According to policing minister Mike Penning, the Government’s strategy in the war on drugs is working because long-term levels of the abuse of illicit substances are falling. Whether you agree depends on how you interpret the word “working”.

Figures issued on 23 July suggested illegal drugs are used every day by 220,000 adults in England and Wales and every week by a further 800,000 people.

Another 1.8 million acknowledge taking a banned substance at least once a year, bringing the total number of drug users to around 2.8 million people, or one in 12.

That proportion might be markedly lower than a peak in 2004, but still represents significant numbers of people who knowingly disregard Britain’s long-standing drugs legislation.

More than one-third take the most harmful class A substances, such as heroin and cocaine – a rate of use broadly unchanged in two decades.

Cocaine use in the UK has remained largely unchanged for the past two decades
Cocaine use in the UK has remained largely unchanged for the past two decades (Getty)

Distinct trends emerge from beneath the headline numbers. Regular cannabis use has fallen over the past 20 years, while Britons are among Europe’s heaviest users of cocaine following a leap in its popularity.

LSD is falling out of favour, while use of magic mushrooms fluctuates.

The popularity of ecstasy has surged to a 10-year peak, with 5.4 per cent of young adults dabbling with the clubbers’ drug last year, compared with 3.9 per cent in the previous 12 months. That equates to 95,000 more people taking ecstasy.

So-called “legal highs” have a small but significant foothold on the drugs scene, with an estimated 174,000 young adults trying chemicals designed to mimic illicit substances.

The figures indicate that people in their late teens or early 20s are the group most likely to experiment with drugs and that they use them less as they grow older. They also suggest that drugs go in and out of fashion as young adults shun the substances once preferred by their parents.
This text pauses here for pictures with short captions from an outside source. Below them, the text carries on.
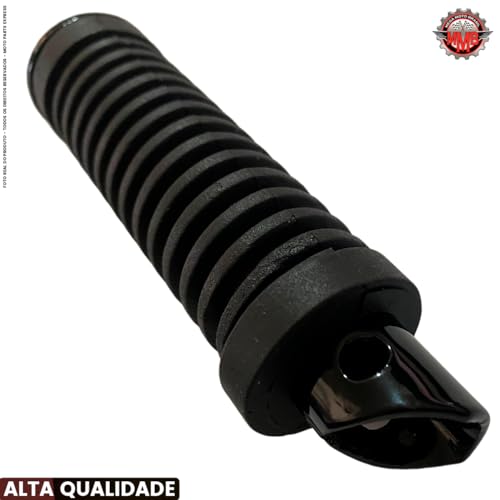 Pedaleira Traseira Titan 150 Ks/Biz 100/125 (Universal) 1-Unid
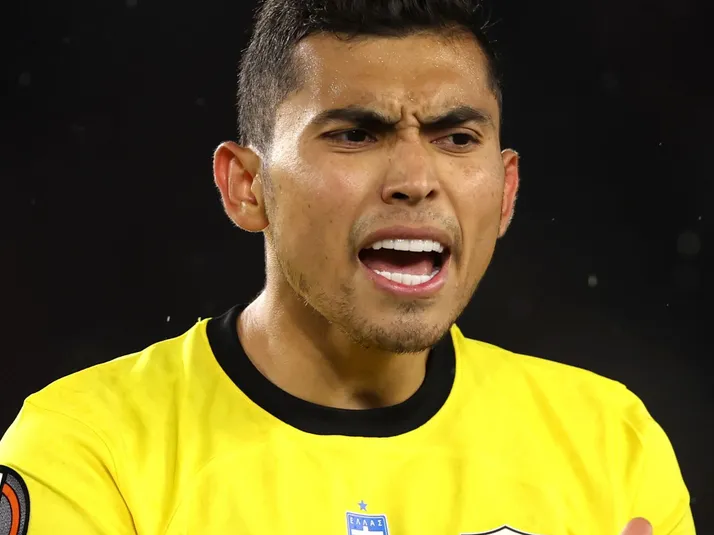 Orbelín Pineda estaría muy cerca de firmar con Rayados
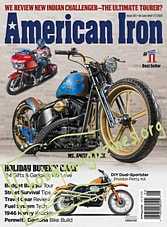 American Iron Issue 383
The changing pattern of use is at odds with the unshifting attitude of governments to the issue since the UK’s drug laws were put in place 44 years ago.

Calls for the legislation to be overhauled have generally fallen on deaf ears as political leaders have deemed the subject too toxic to tackle. Incredibly there has been only one Commons debate on drugs laws in that period.

Home Secretary David Blunkett’s decision to downgrade cannabis from a class B to class C substance in 2004 was swiftly reversed by Gordon Brown when he became Prime Minister, and David Cameron has long since abandoned the liberal stance he had on drugs when he was a humble backbencher.

Former Home Secretary David Blunkett
Former Home Secretary David Blunkett (Getty)

But the instinctively cautious approach of senior Conservative and Labour figures to the subject might not be mirrored in the country at large.

A recent poll found a majority of the public supported the decriminalisation of cannabis – presumably a view shared by the 2 million people who have used it in the past year.

“There’s a marked dissonance between public opinion and the risk-averse Tory and Labour parties. They are out of sync with the public,” says Danny Kushlick, director of the drug reform campaign group Transform.

The United Nations will hold a three-day general assembly session on combatting the global drugs trade next year. Since it last sat, several countries in Europe and South America have modified their attitude to drug use by approaching it as a health rather than a criminal justice problem.